Wednesday, March 8, 2023

Visiting the Phoenix Art Museum

On Wednesday Dear Husband and I visited the Phoenix Art Museum, which had come highly recommended by a friend.


Something I appreciated about Phoenix (and Scottsdale) was the ubiquity of public art: at bus stops, on highway interchanges, etc. There was even art in the museum parking lot. The diving figure on the left reminded me of a baseball player reaching to catch a ball, while DH liked the Tyrannosaurus Rex in a cage on the right.



Left, me reading the floor map in front of a collage. Right, a piece called "Mass," an exploded cube of charred wood salvaged from a church that burned after a lightning strike.


Is it art? This look like a shelf in your grandparents' garage, but it is actually made of fiberglass.


These mercurial blobs are definitely art.


Selfie snapped before we entered the immersive installation that is "You Who Are Getting Obliterated in the Dancing Swarm of Fireflies" by Yayoi Kusama. It is a mostly dark room with strands of tiny flickering colored lights that reflect on the black tile floor and mirrored walls. When you step in, you're not sure which way is up (kind of like how my body is going to feel after traveling Mountain Time --> Eastern Time --> end of Daylight Saving Time --> Central Time in the space of 24 hours to go from vacation to home to a conference in Chicago). DH constantly felt like he was falling, while I braced myself with a hand on one wall while I walked the perimeter. It was a trippy experience until our eyes adjusted to the dark, and we could hear other people getting ready to enter, so we found the exit.


Next we visited the fashion wing for "The Modern Cut of Geoffrey Beene." To the left is the first piece of clothing the PHX acquired, a sequin and feather number of his; the black and white figures in the background are a facsimile of the mural in the entranceway of his atelier. I had never heard of Beene (born Samuel Albert Bozeman Jr., 1924-2004) and felt vindicated when a book in the museum shop of "50 designers you need to know" omitted him, although it stopped in 1990, and he appears to have hit his stride in the '90s. This may be thanks to his partnership with the American Ballet Company for fashion shows or a false narrative encouraged by the fact that the majority of pieces of his that they own were donated by a fashionista who wore his label from the late '80s to the early 2000s.

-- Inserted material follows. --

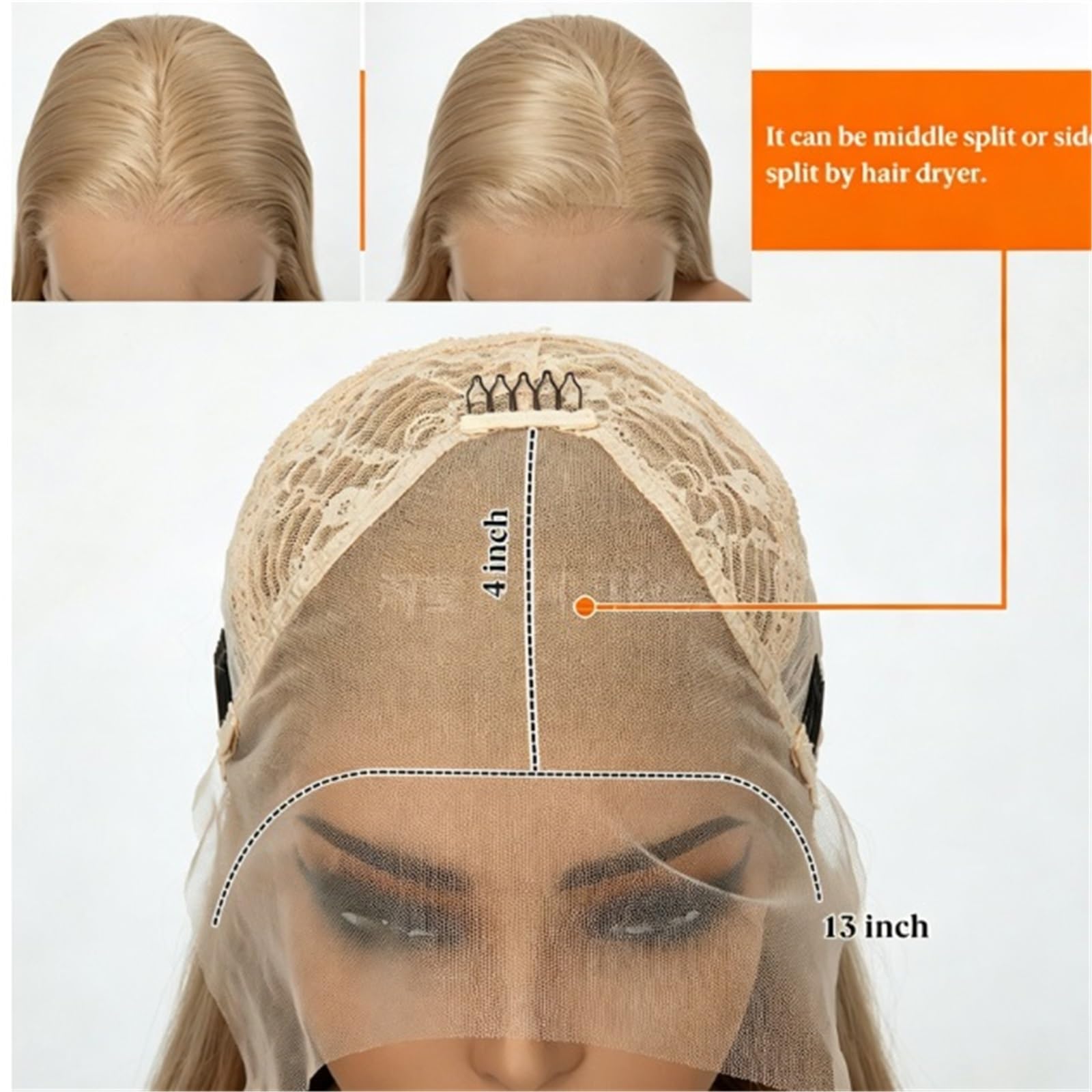 Parrucca Capelli Lisci di Media Lunghezza, Copricapo Completo in Colore Misto Oro Chiaro, Parrucca da Donna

Some of the pieces looked dated, but others were fresh. I thought the captions were particularly good at pulling out interesting details, such as the various hem treatments, or variations on a single theme (such as polka dots). I'm definitely not cool enough to have worn most of it, but I did like this black and purple evening gown with tailored jacket.


After a leisurely lunch in the central garden next to a burbling water feature, it was upstairs to look for the historical dollhouse rooms, since neither of us was in the mood for absorbing the impact of their Asian / European / American collections. Signage in the building(s) left a lot to be desired, especially since the upper floors of the two wings don't connect. I had almost given up (despite finding another John Coleman, right--we had seen this exact statue at the Western Spirit Museum in Scottsdale the day before), when finally we found them: the rest of the Thorne miniatures collection (the other half is at the Art Institute in Chicago).







Of course, the one thing I wanted in the museum shop was priced three times as much as I was willing to pay for it. So we picked up take out from a downtown Japanese restaurant that uses purple rice and went "home" to our AirBnB for a nap before eating dinner, a walk around the neighborhood, and (re)watching Forrest Gump.